Bodies being recovered
An aerial view of the tail section of Continental Connection Flight 3407 as it sits amid smoking wreckage on Friday. (Associated Press)Removing the victims from the site is the current priority, he said. DNA and dental samples will be used to establish the identities of the recovered remains, he said.
Due to the catastrophic nature of the crash and the ensuing fire, it could take up to four days to remove all the human remains, Chealander said.

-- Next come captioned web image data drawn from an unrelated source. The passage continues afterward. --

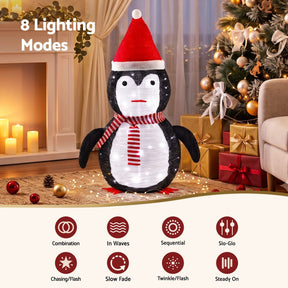 Jingle Jollys Christmas Penguin Light LED Christmas Decoration Pop Up Christmas Display 70cm - SportZone.co.nz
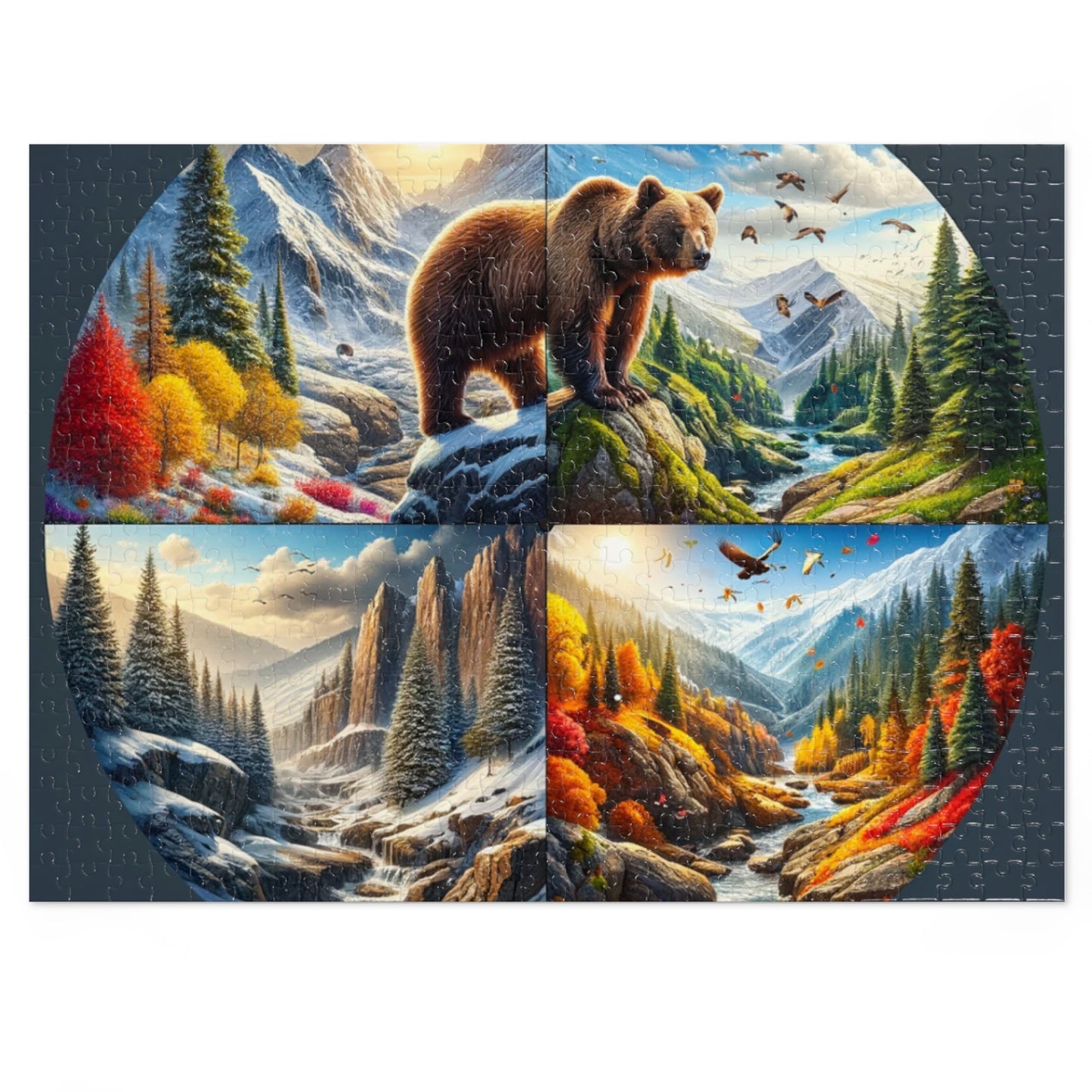 Puzzle - Seasons of the Bear (252, 500-Piece)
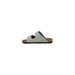 Light blue Birkenstock sandal displayed in the Gray Double Buckle Sandal product image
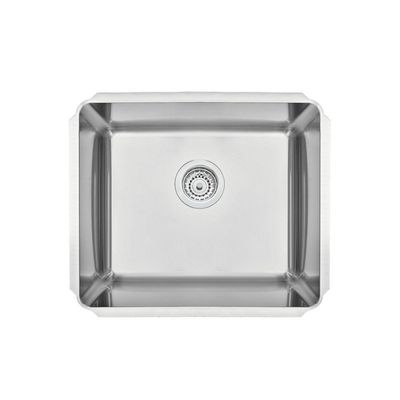 Cuba Profissional de embutir Tramontina Dritta Pro em Aço Inox com Acabamento Scotch Brite 50x40 cm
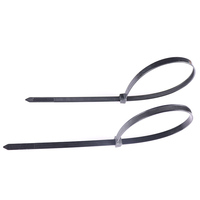 Attaches en nylon de haute qualité-300mm X 3.6mm - 12 "Premium Tie Wraps 100 Pack d'attaches de câble noires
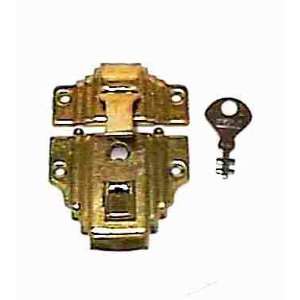  Trunk Lock   Brass Plated w/ Key
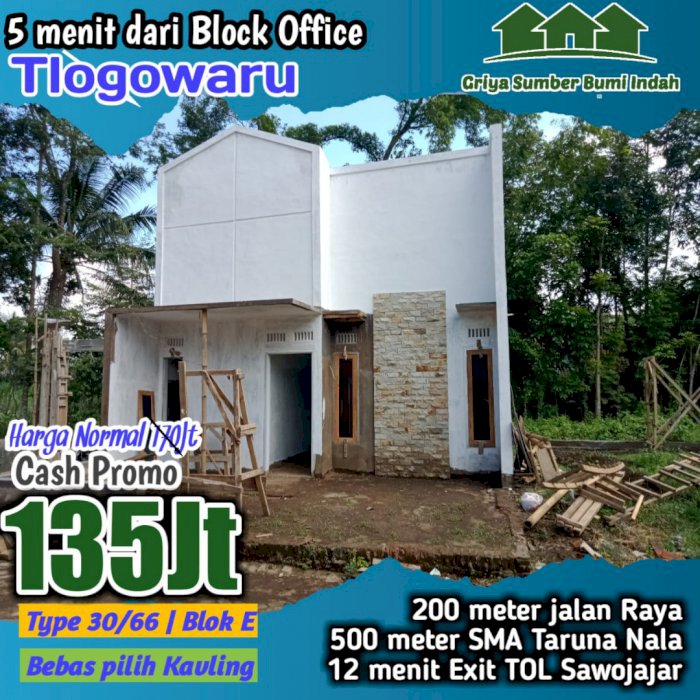 Hunian Asri dekat Block office Tlogowaru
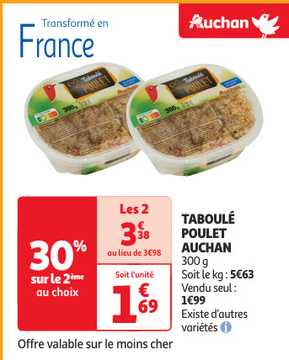 Offre: TABOULÉ POULET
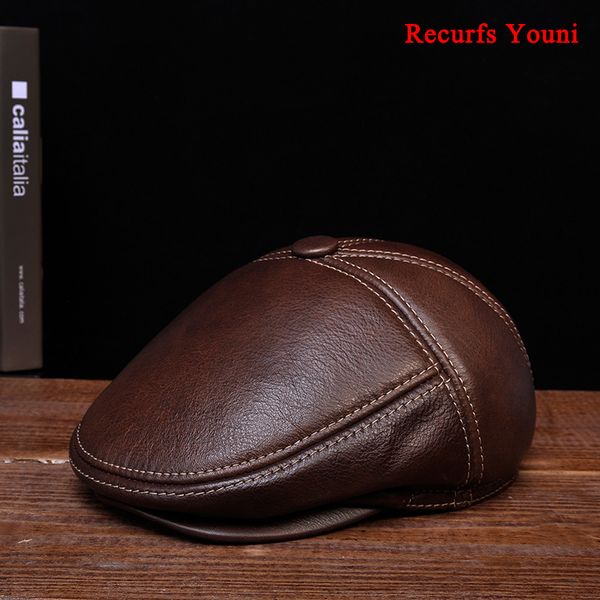 ry104 winter real leather black/brown fitted thicken beret caps for man eldly dad head warm velvet boina with line ear flap hats, Blue;gray
ry104 winter real leather black/brown fitted thicken beret caps for man eldly dad head warm velvet boina with line ear flap hats, Blue;gray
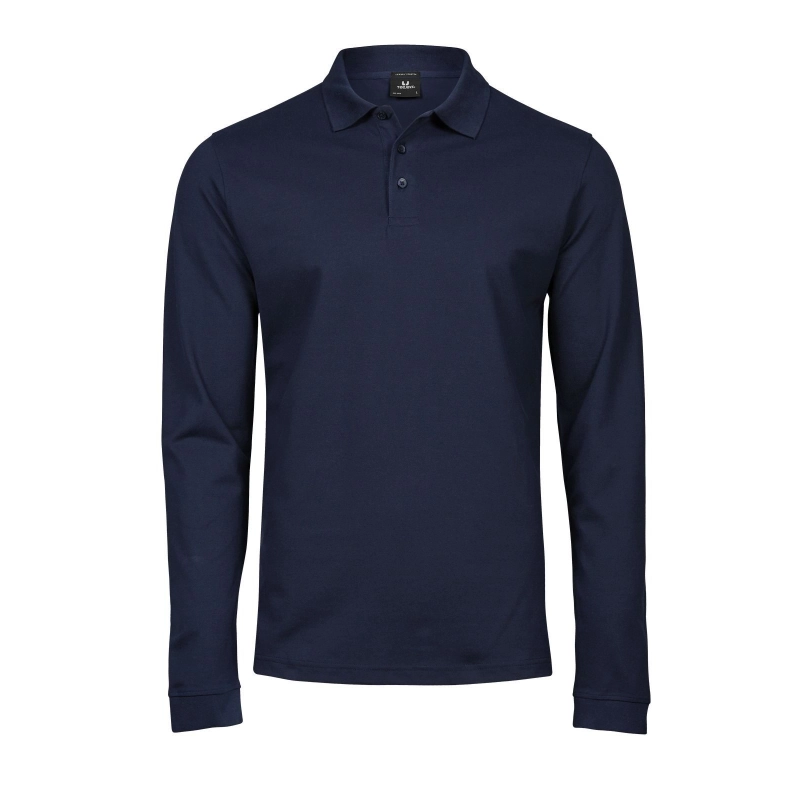 Luxury Stretch Long Sleeve Polo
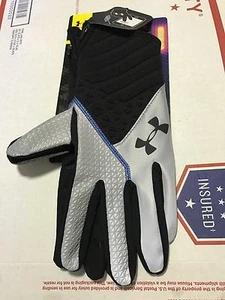 Under Armour ColdGear® Infrared Charge Reflective Youth Run Gloves 1249431-960 - Picture 1 of 3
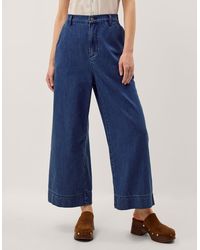 Monsoon - Wendy Wide Leg Jeans - Lyst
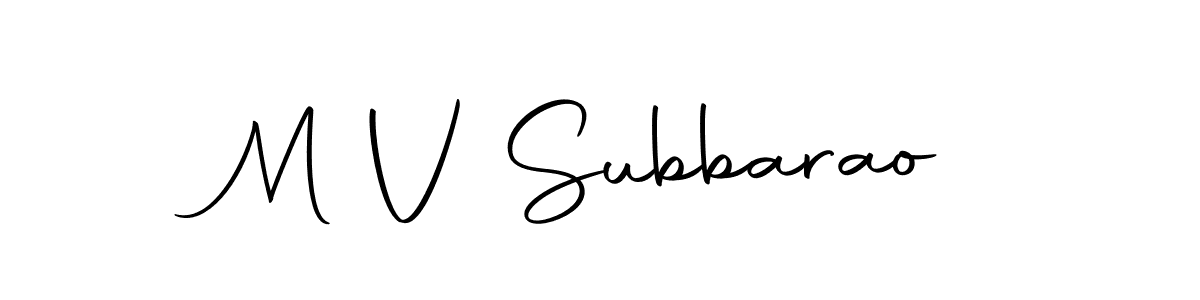 Design your own signature with our free online signature maker. With this signature software, you can create a handwritten (Autography-DOLnW) signature for name M V Subbarao. M V Subbarao signature style 10 images and pictures png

More than 100 investigators from the NTSB and the Federal Bureau of Investigation were at the scene in Clarence Center, where the 74-seat Q400 Bombardier turboprop craft crashed.
The airplane and the house have become mingled together and the scene has become an excavation site, Chealander said.
Residents from 12 other homes evacuated because of the fire Thursday night were being escorted back Saturday to collect some of their belongings and leave for what is expected to be another three to four days before the evacuation order is lifted.
Authorities said they don't want anyone not associated with the investigation to be within two kilometres of the crash site. Local emergency official David Bissonette said any violators will be charged with trespassing.
"There's going to be no pictures, no YouTube videos," he said. "It's literally for the residents to get the items they need and then they have to get out."
Ice buildup a possible cause of crash
Investigators have been examining instrument data and have listened to the last words of the pilot and co-pilot to determine whether ice on the wings caused the crash.
Officials say the crew of the Continental Connection flight remarked on significant ice buildup on the wings and windshield shortly before the aircraft pitched violently and crashed.
Ice on the wings can interfere catastrophically with an aircraft's handling and has been blamed for a number of major air disasters over the years.
Chealander said the icing noted by the pilot of Flight 3407 is just one of several things investigators are looking at.
But the de-icing system on the plane was activated and based on flight recordings, the crew appeared to believe it was functioning properly, he said.
A cursory inspection of the engines also indicates both were functioning properly at the time of the crash, Chealander said.
But if ice is a problem in flight, guidelines from the Aircraft Owners and Pilots Association Air Safety Foundation say pilots can take a number of steps, including changing speed, pulling the nose up or down, or trying a 180-degree turn.
Stall protection system engaged
Chealander said two stall-protection systems, known as the stick shaker and the stick pusher, had activated on the aircraft. It is not yet clear if the plane stalled, he said.
The systems activate when the airflow over the wings is not enough to keep lift and are meant to warn the pilot of an impending aerodynamic stall, he said.
If the pilot doesn't take action when the yoke starts to shake, the stick pusher activates and forces the nose of the aircraft down to change altitude in an attempt to recover from the impending stall, he said.
The aircraft went also through a "severe pitch and roll," he said.
"It was just a sudden catastrophic event that took place and 30 seconds later they ended up on the ground," he said, adding that there is no indication that the crew spoke with the passengers just before the crash.
Flight 3407 went down in light snow and mist — ideal icing conditions — about nine kilometres short of the airport.
Canadian among victims
The crash site was engulfed in a fireball that burned for hours, making it too hot to begin removing the bodies until nightfall Friday.
Recovery teams first had to spend hours using heaters to melt the ice that had formed over the crash site after firefighters had worked tirelessly to put out the massive blaze on the scene, Chealander said.
Don McDonald, a Canadian returning home to Fort Erie, Ont., from a business trip, was among the passengers.
Other victims included human rights researcher Alison Des Forges, who documented the 1994 genocide in Rwanda; Beverly Eckert, whose husband was killed in the attacks on the World Trade Center on Sept. 11, 2001; and two members of jazz musician Chuck Mangione's band, Gerry Niewood and Coleman Mellett.